Founded in 1989, Reach Out & Read (ROR) aims to  get parents to read aloud with their young children to help them build strong language skills. How does it work? A new, age-appropriate book is given to enrolled parents at every well-child visit at their pediatrician. If needed, pediatricians and nurses demonstrate how to best read a book with the young children, and show caregivers effective ways of engaging the child with the book.

Parents read aloud more often to their infants and toddlers.

Their children have more words in their vocabularies  and are three to six months ahead of their peers not enrolled in the program.

Given that millions of children have participated in this program, imagine the positive change of introducing effective ways to read aloud has brought into children’s (and parents’) lives. Read more about the research findings here. Recently, doctors have recommended to start reading in infancy, as early as from birth. Read the NYT blog here.

Providence Talks Program

In Providence, R.I. many children from low-income families are not prepared for kindergarten and school, lacking substantial language and literacy skills. In Providence Talks parents are coached on how to improve their conversations with their young children to help them build those literacy and learning skills they need to do well in kindergarten and school. Parents enrolled in the program get LENA, a cell phone-sized device that tracks the number of words and back & forth conversations parents have with their children. Based on this ‘language pedometer’, parents receive feedback and concrete tips on how to boost their talk and increase their conversations.

Started by Mayor A. Taveras, the program is now in its initial pilot phase with 75 participating families. Scientists at Brown University evaluate the program as it goes on, and their feedback will be used to make the program most effective for parents and their children.

I’ll keep you updated on the progress of this project.
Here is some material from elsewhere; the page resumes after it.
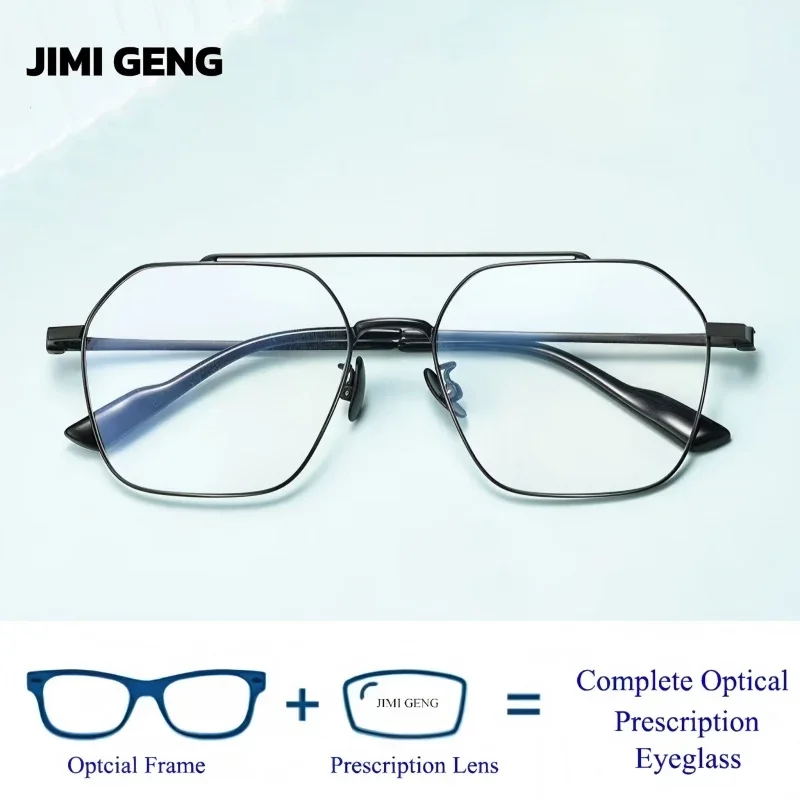 

Fashion Pilot Glasses Light Sensing Color Changing Glasses Pure Titanium Myopia Glasses Reading Anti Blue Light Glasses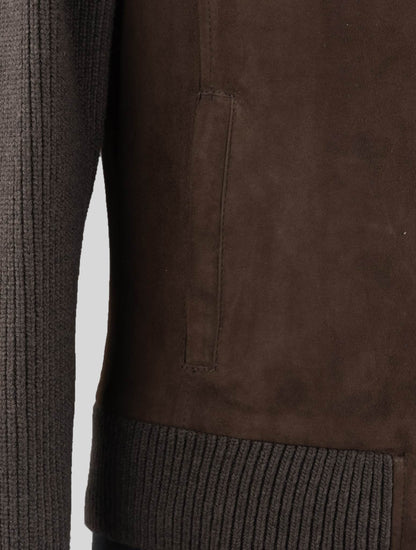 Barba Napoli Brown Leather Suede Wool Coat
Learn more about the program:

Watch the PBS video and get a better idea about the program.

Vroom Program

Kickstart early learning and become a brain builder: That’s what Vroom encourages every parent and caregiver to do. Their motto ‘Every parents has to be what it takes to be a brain builder’ , is put into action by giving parents and caregivers free Vroom app. If you download the app, you receive brief tips daily on how you can spark conversations, turn everyday situations into what they call ‘brain building moments’ and help your child learn. Download the app on their website The program is available in English and Spanish.
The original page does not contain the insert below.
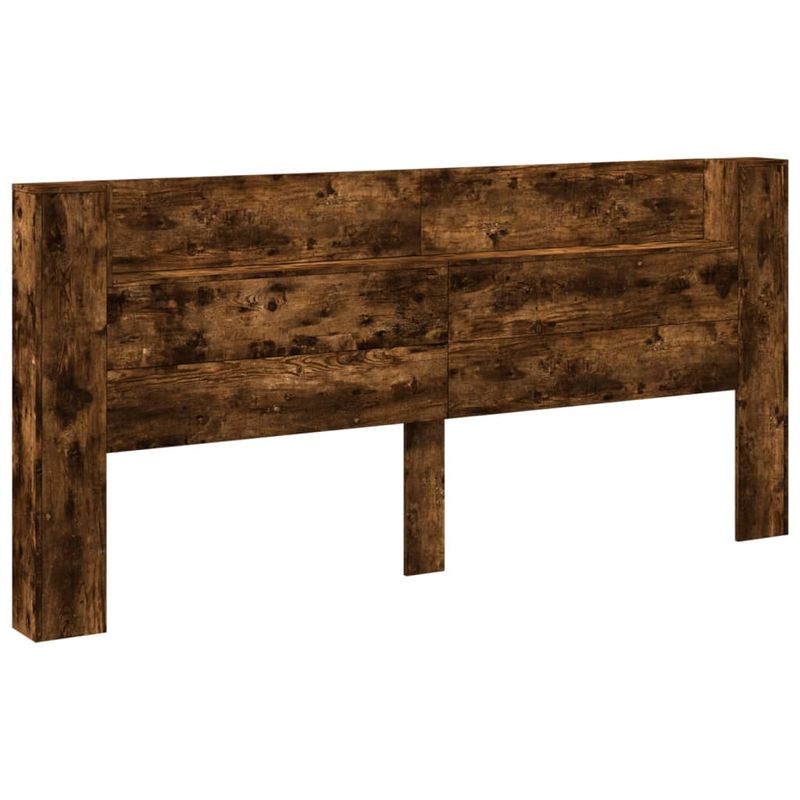 Casa si Gradina - Mobilier - Paturi si accesorii - Accesorii paturi - Tablie de pat cu dulap si LED, stejar fumuriu, 220x16,5x103,5cm - Infinity.ro
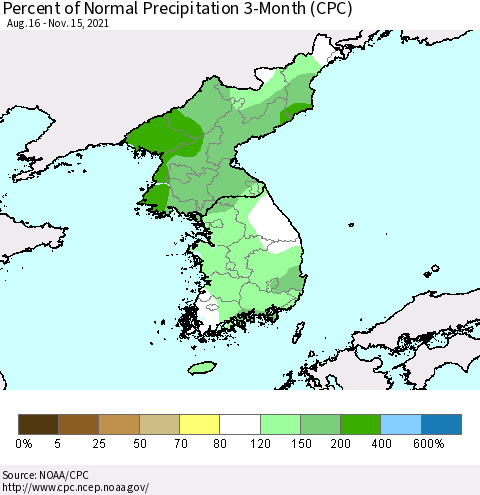 Korea Percent of Normal Precipitation 3-Month (CPC) Thematic Map For 8/16/2021 - 11/15/2021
Vroom is funded by the Bezoz Family Foundation. It was developed by a network of scientists well-known in the field of early learning, community leaders and community organizations together with input from families. Learn more about Vroom in this Seattle Times article, called ‘Pilot program gives parents tools to boost babies’ brains’ .

Too Small to Fail Program

Too Small to Fail is a joint initiative by the Clinton Global Initiative and Next Generation. One of its goals is to help promote early literacy, to find ways to bridge an early word gap and give parents and caregivers the information and tools needed so that they can improve their interactions with young children to help them learn. Working together with the American Academy of Pediatrics, they have recently launched an early literacy kit. Read more about their outreach in this article.

Ready Rosie Program

Ready Rosie provides parents, caregivers and educators with short video clips in which an easy learning activity is demonstrated. You learn how to turn an everyday activity such as grocery sh opping into a learning moment for your child and you. After subscribing to the program, you get daily videos on your phone or computer. The video clips are engaging, rich in language, and point out what children learn as you talk and engage with them. The goal is to encourage parents to communicate more, and more effectively with their children to help them build the skills necessary to do be ready for school.